Euro zone moves to a trade surplus in June as Russia imports fall

The 20 countries that make up the euro zone saw a 0.3% increase in exports to the rest of the world and a 17.7% decrease in imports over 12 months.
Workers unload containers at the Port of Lisbon, Portugal, 22 May 2015.

Workers unload containers at the Port of Lisbon, Portugal, 22 May 2015.

The euro zone swung back into a large trade surplus in June from a similar size deficit 12 months earlier, as imports from both Russia and China fell sharply, data showed on Thursday.

The EU’s statistics office, Eurostat, said the unadjusted external trade surplus of the 20 countries sharing the euro was €23.0 billion ($25.01 billion) in June, compared to a €27.1 billion deficit in June 2022.

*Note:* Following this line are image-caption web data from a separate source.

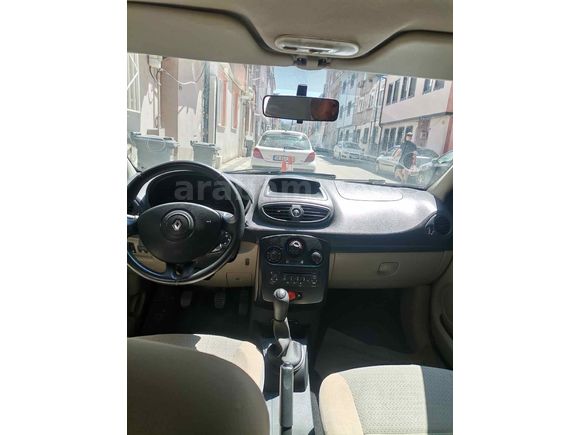 Sahibinden Renault Clio 1.2 Expression 2006 Model 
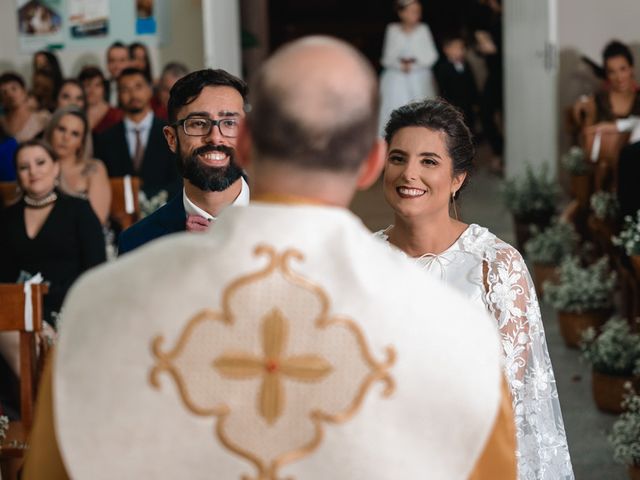 O casamento de André e Patrícia em Itajaí, Santa Catarina 42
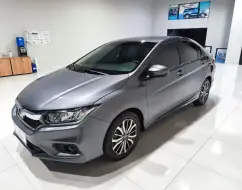 HONDA CITY 1.5 LX 16V FLEX 4P AUTOMÁTICO HONDA CITY 1.5 LX 16V FLEX 4P AUTOMÁTICO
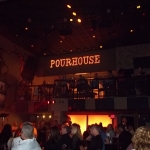 Pourhouse Concert for Equality1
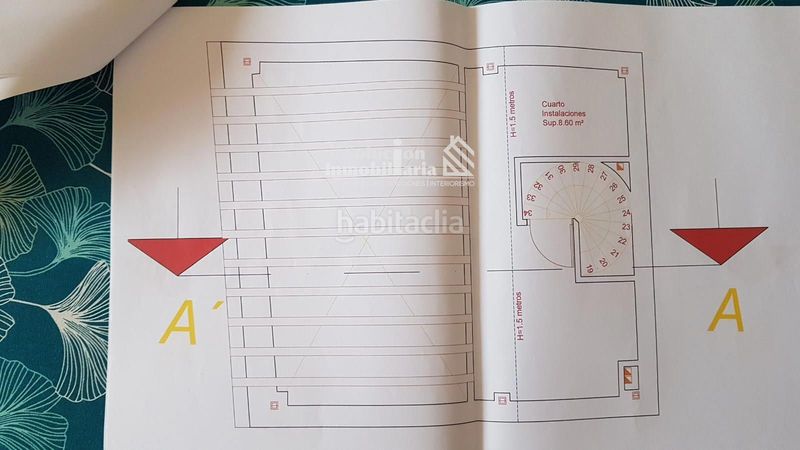Foto 072653a4-4056-4801-949f-80e443a2e2c5. Casa amb calefacció a Vitigudino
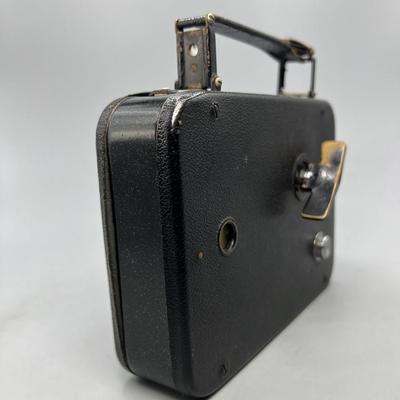 Vintage Cine-Kodak Eight Model 20 8mm Movie Camera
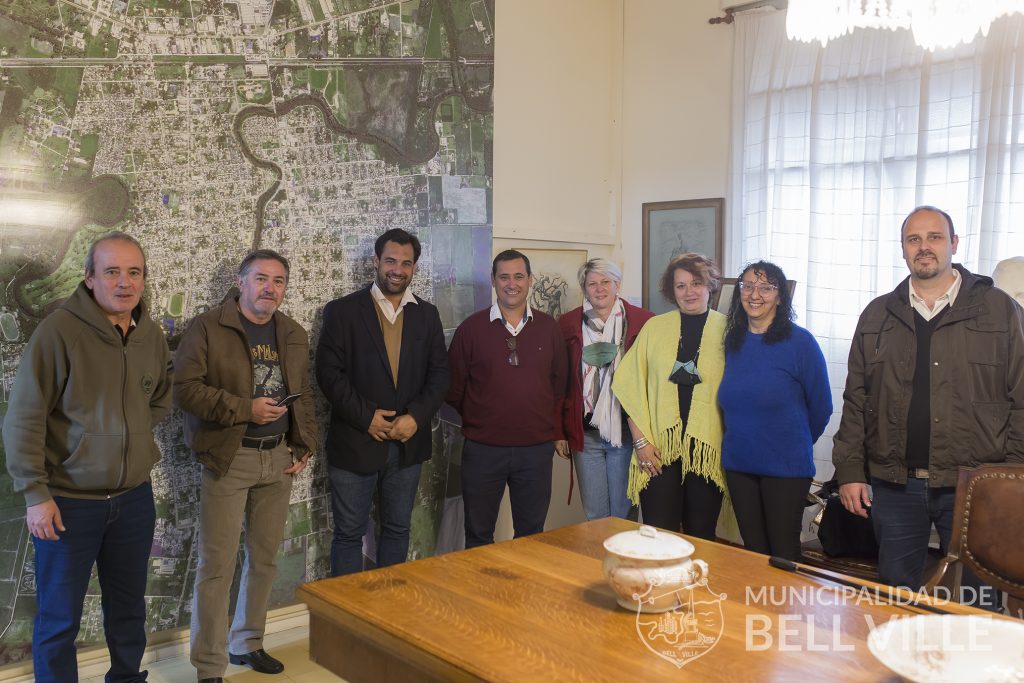Concurso de Mosaiquismo y Poesías por el 40° aniversario de Malvinas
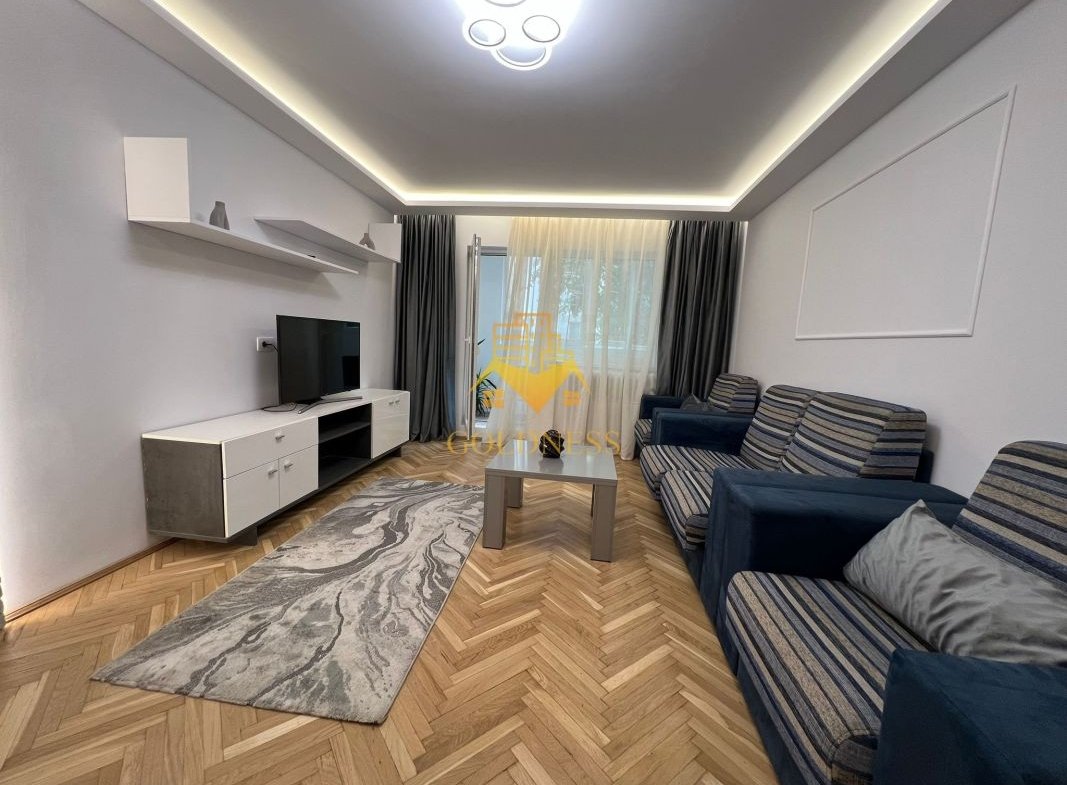 3 camere, modern, parcare,Zona Aurel Vlaicu,Piata Marasti,Pet Friendly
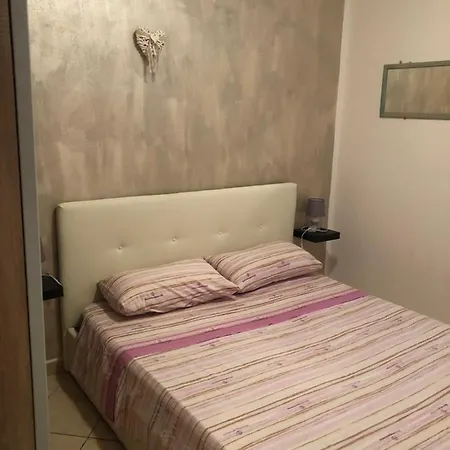Mattola Apartmán Valledoria (Sardinia)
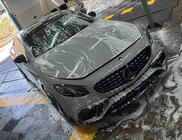 Mercedes S-class C217 Coupe 2014-2020 Kit de cubiertas de carbono BRB foto 9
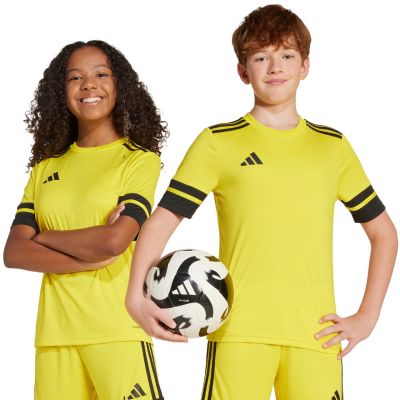 10. Koszulka adidas Squadra 25 Jr JJ0056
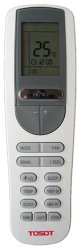Внутренний блок мульти сплит-системы Tosot T24H-SLyRA/I Lyra Inverter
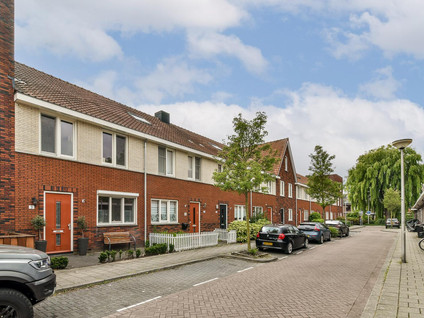 Tweede Schoolstraat 3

Exports over the 12 months edged 0.3% higher, while imports plunged 17.7%.

Adjusted for seasonal swings, the trade surplus was €12.5 billion in June, up from €0.2 billion in May and compared with a €7.9 billion deficit in April.

The improvement in the EU’s trade balance was mainly a result of sharp falls in the trade deficits with Russia, due to Western sanctions over the war in Ukraine, and China.

The trade gap with Russia was down to €8.7 billion in the first six months of this year from €92.1 billion euros in the same period of 2022.

With China, the EU’s trade deficit fell to €148.7 billion in the first half of the year from €189.3 billion in the same period a year earlier.